With all of the polarizing conversations (i.e. arguments) going on in our society today, what happens when you don’t fall on one side or the other? It seems like there is little space for those who do not clearly pick a side. Yes to gay marriage or no to gay marriage? Obamacare or privatized healthcare? Legalize it or keep it illegal? Traditional worship or contemporary worship? Israel or Palestine?
In any discussion, is silence an option when you don’t perfectly agree with either option and—even worse—when you can actually understand from where both sides are coming?
Earlier this week I was in such a discussion with a small group of peers. There were those clearly one on side of the argument. There were others firmly on the opposing side of the argument. One of these peers is a very close friend of mine. Although we love and support each other, he and I actually have differing views on the topic being discussed and he encouraged me to speak up. The issues is that my thoughts and research do not lead me clearly to either of the two options. Therefore, neither side has any use for me.

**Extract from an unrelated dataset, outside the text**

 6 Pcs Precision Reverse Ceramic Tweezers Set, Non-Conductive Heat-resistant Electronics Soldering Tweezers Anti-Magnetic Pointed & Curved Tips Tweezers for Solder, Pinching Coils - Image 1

So is silence a healthy option?
Later that same day, I was reading an interesting blog post. I passionately agree with the premise and I loved reading this author’s perspective on the topic. But then I made the mistake of reading the comments below the post. Worthless. You have everyone who agrees wholeheartedly and everyone who vehemently condemns her ideas and then you have those who yell (virtually) at both sides for commenting at all. Think about it—commenting to condemn those who comment. So I don’t comment. I stay silent.

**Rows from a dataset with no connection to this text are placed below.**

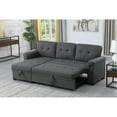 thumbnail image 3 of Miekor Furniture Lucca 84" Dark Gray Linen Reversible Sleeper Sectional Sofa with Storage Chaise W5U002, 3 of 9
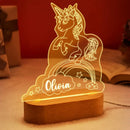 Personalized rainbow usb night light bedroom baby kids lamp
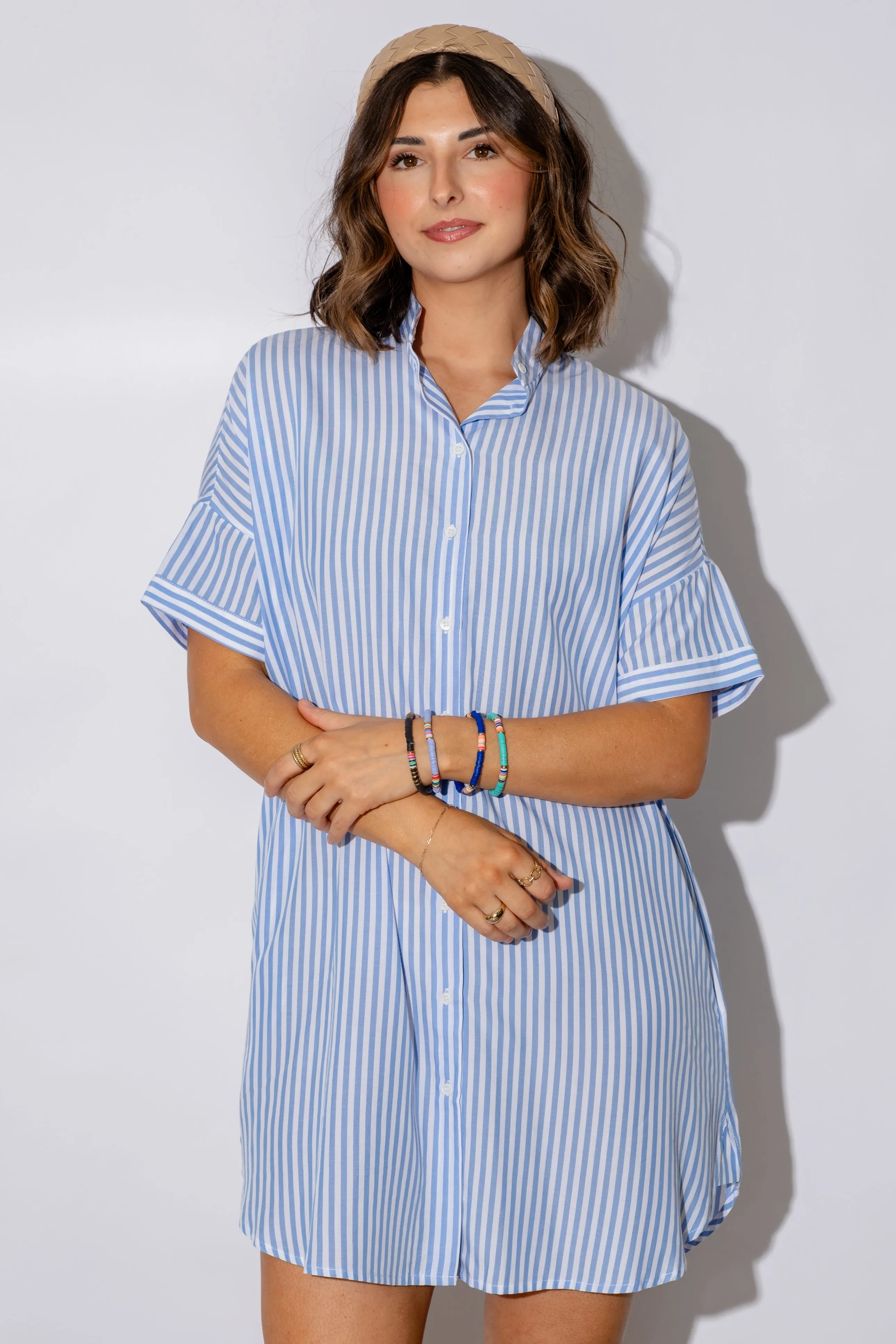 Priscilla Striped Shirt Dress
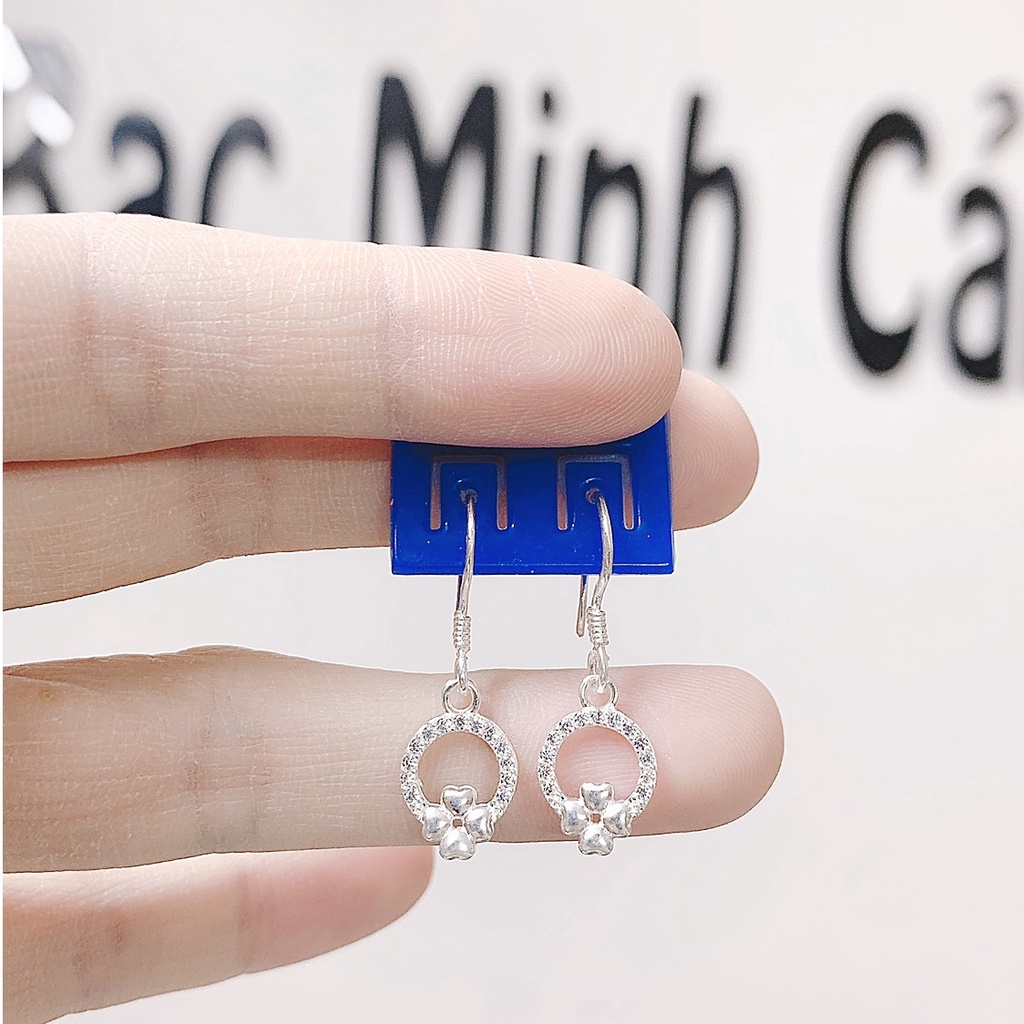 Bông Tai Bạc Vòng Tròn Cỏ 4 Lá - Minh Canh Jewelry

Perhaps this whole post is one big passive-aggressive comment to the commenters. I’m just not convinced that stating your case through speaking (or typing) a bunch of words is an effort well spent when it comes to highly debated topics. After the discussion, what’s different? We typically return to our same home with the same people and the same issues. For me, I know I have a limited amount of energy and a limited amount of words. (Of course we all know people for whom this is not the case.) So why would I expend my limited energy or words on something that has so little impact or application in life? Or is this just a narcissistic view—if it doesn’t affect me, then I don’t care.
So is silence an option? Or is silence irresponsible? Does silence naturally come across as a disinterested or, worse, a “holier than thou” posture? I am passionate and I do have strong, hopefully well informed opinions on most topics. I suppose I’m less likely to share them in a setting where I think it is simply a waste of energy.
Please comment passionately and then passionately comment in response to the passionate comments.
Or stay silent. As a fellow perceived-as-a-fence-sitter, I won’t judge. Instead, perhaps you can display to others what it looks like to allow your passion to drive changed behavior, rather than drive lips.